La tradizionale corsa ciclistica si snoda interamente nel territorio del Comune di Cingoli, il sindaco Vittori: “Un evento che dà lustro alla nostra città”

CINGOLI, 17 aprile 2023 – E’ tutto pronto a Cingoli per la XXV edizione della “9 Fossi” di Mountain Bike.Domenica 30 aprile, infatti, si svolgerà la tradizionale gara sportiva organizzata dall’Avis Bike Club Cingoli con il patrocinio del Comune di Cingoli.

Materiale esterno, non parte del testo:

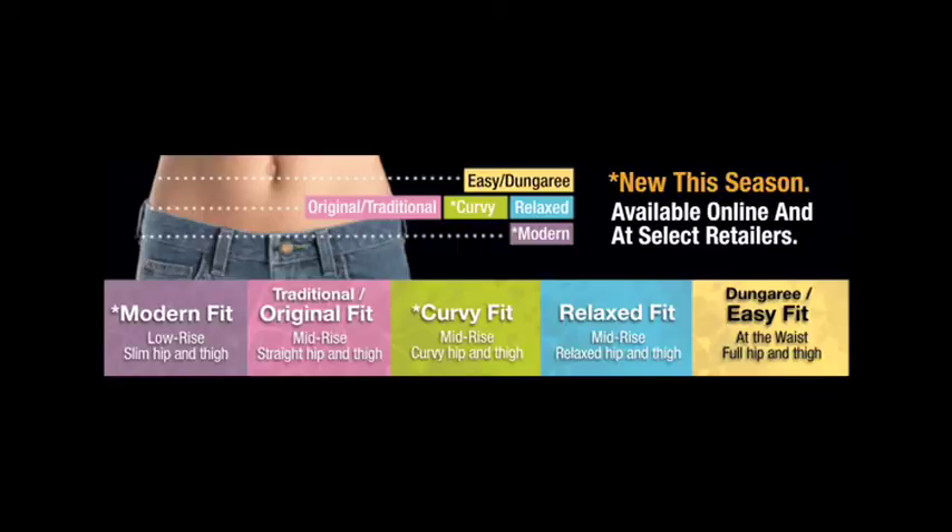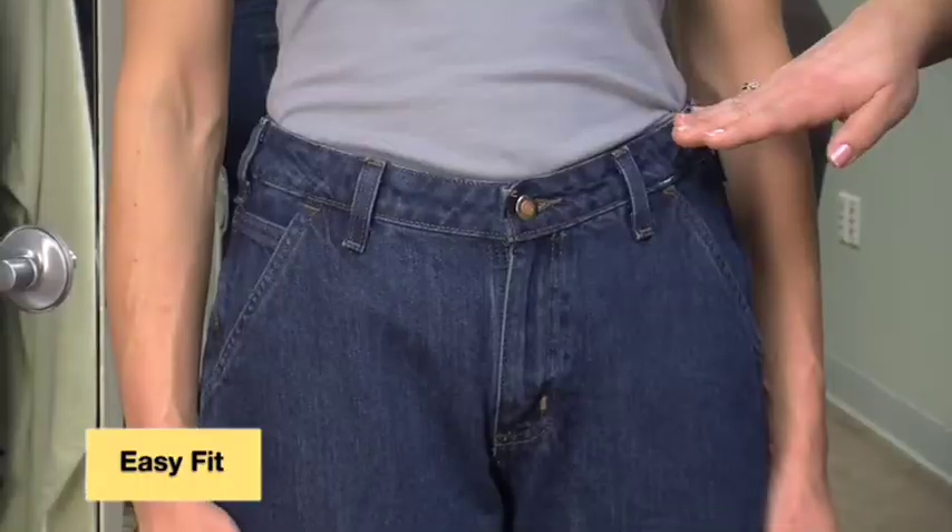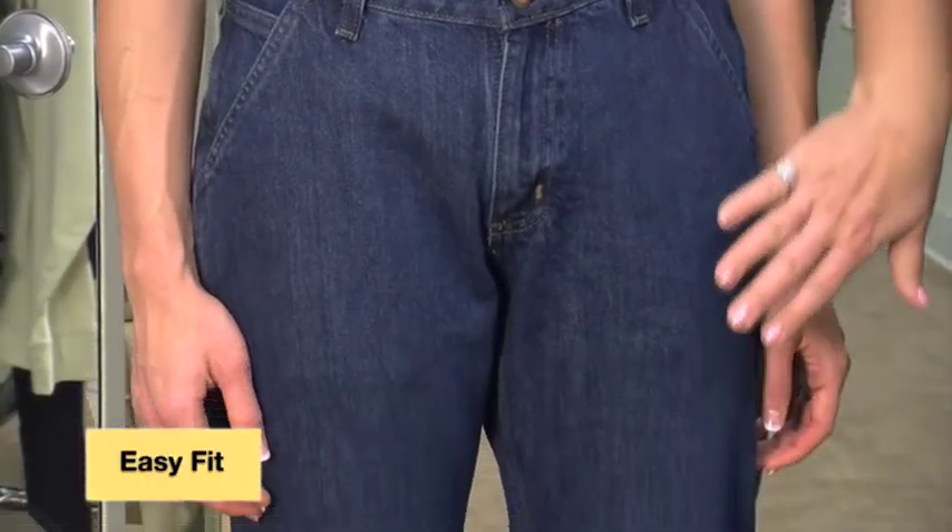We've listened to your feedback and have developed a range of new fits allowing you to find the perfect fit for your body type. Our easy fit addresses the need for a roomier fitting jean. It has a high rise that sits at the natural waist with full shaping through the hip and through the thigh.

Sarà un evento speciale per il gruppo sportivo ciclistico, dato che proprio quest’anno ricorrono i 50 anni dalla sua fondazione nel 1973. Per questa 25^ edizione, inoltre, gli atleti di casa vestiranno una maglietta-evento speciale (foto di copertina), presentata venerdì scorso, 14 aprile, alla presenza del sindaco Michele Vittori.

La storia della gara

Ideata nel 1998, la “9 Fossi” è una corsa ciclistica di mountain bike che si sviluppa interamente nel Comune di Cingoli, in particolare nella suggestiva zona della Macchia delle Tassinete, tra il Monte Nero e le sponde del Lago di Cingoli. È stata riconosciuta dalla giunta regionale delle Marche come uno degli eventi sportivi di importanza strategica che favoriscono la promozione turistica e rafforzano la capacità attrattiva della Regione Marche per l’anno 2023.

La gara è particolarmente apprezzata da bikers provenienti da tutta Italia, sia per i fantastici panorami che offre, che per la perfetta organizzazione da parte dell’Avis Bike Club del presidente Primo Ciattaglia. Oltre alla cura dei dettagli dal punto di vista sportivo, la “9 Fossi” è famosa anche per il “Pasta Party” finale, preparato con i prodotti delle aziende locali dai tanti volontari del gruppo sportivo. La 24^ edizione del 2022 è stata vinta da Hector Leonardo Paez Leon del team Soudal e da Debora Piana del Team Cingolani.

La “9 Fossi” 2023

Per quanto riguarda la 25^ edizione del 2023, la geografia della “9 Fossi” è rimasta inalterata rispetto alle scorse annate. Ci saranno i soliti tre percorsi, ovvero quello agonistico gran fondo “lungo” di 48 km, quello cicloturistico short “corto” di 22 km e quello riservato alle e-bike di 32 km. La “9 Fossi”, inoltre, fa parte di numerosi circuiti interregionali agonistici di mountain bike, come ad esempio il Tour Tre Regioni o l’Italian Supersix Race.Quest’anno, poi, è stata nuovamente inserita nel circuito della sezione Prestigio della rivista specializzata MTB Magazine.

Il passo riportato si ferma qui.